Gold, a fundamental, metallic element of the earth’s constitution, exhibits unique properties that enabled it, during two millennia of market testing, to emerge as a universally accepted store of value and medium of exchange, not least because it could sustain purchasing power over the long run against a standard assortment of goods and services. Rarely considered in monetary debates, these natural properties of gold caused it to prevail as a stable monetary standard, the most marketable means by which trading peoples worldwide could make trustworthy direct and indirect exchanges for all other articles of wealth.
The preference of tribal cultures, as well as ancient and modern civilizations, to use gold as money was no mere accident of history. Nor has this natural, historical, and global preference for gold as a store of value and standard of measure been easily purged by academic theory and government fiat.

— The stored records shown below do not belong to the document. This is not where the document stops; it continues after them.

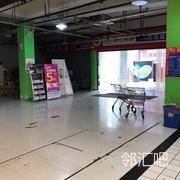 收银附近，摇摇车旁边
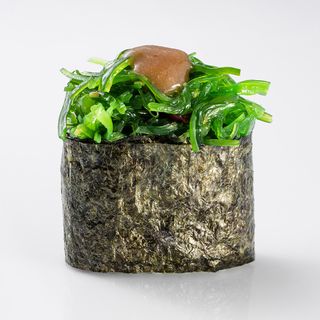 გუნკანი ჩუკა წყალმცენარეებით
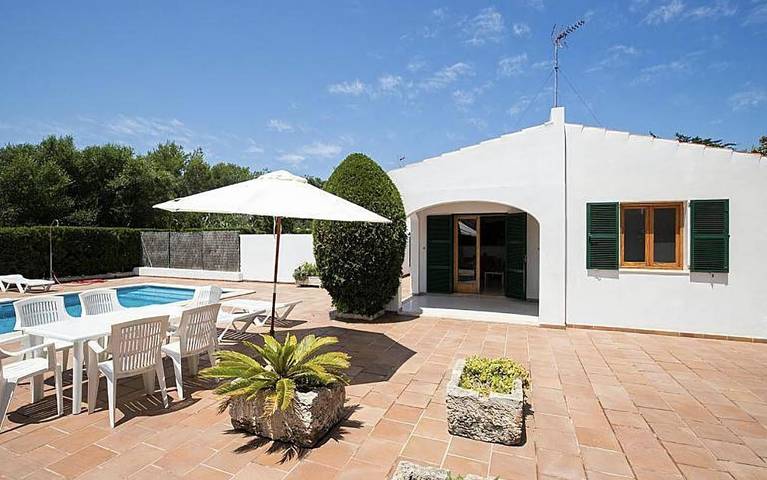 Apartamento para 6 personas, con Terraza además de Jardín y Piscina en Cala en Blanes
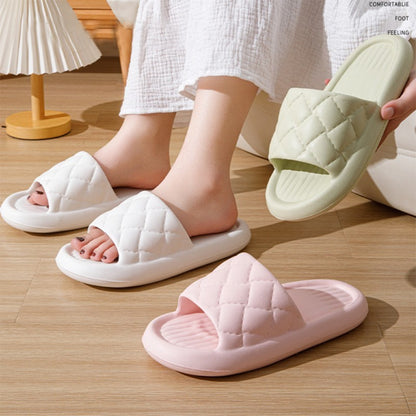 Summer Comfort: New Rhombus Home Slippers for Women and Men - Lightweight, Non-Slip, and Stylish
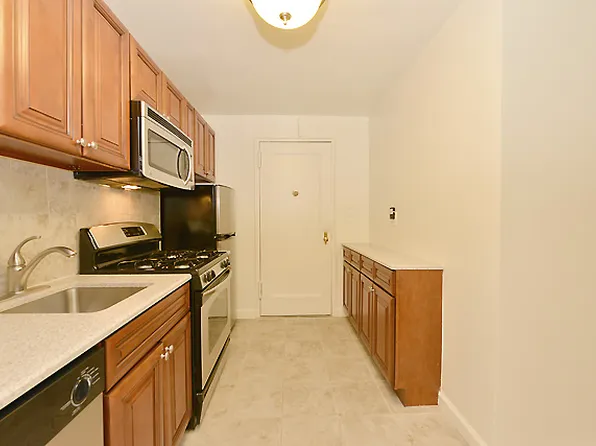 65-05 Yellowstone Boulevard image 1 of 6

Gold, by its intrinsic nature, is durable, homogenous, fungible, imperishable, indestructible, and malleable. It has a relatively low melting point, facilitating coined money. It is portable and can be readily transported from place to place. Gold money can be safely stored at very low cost, and then exchanged for monetary certificates, bank deposits, and notes—convertible bills of exchange that efficiently extended the gold standard worldwide.
Like paper money, gold is almost infinitely divisible into smaller denominations. But paper money has a marginal production cost near zero. Producing gold money, like other articles of wealth, requires real labor and capital.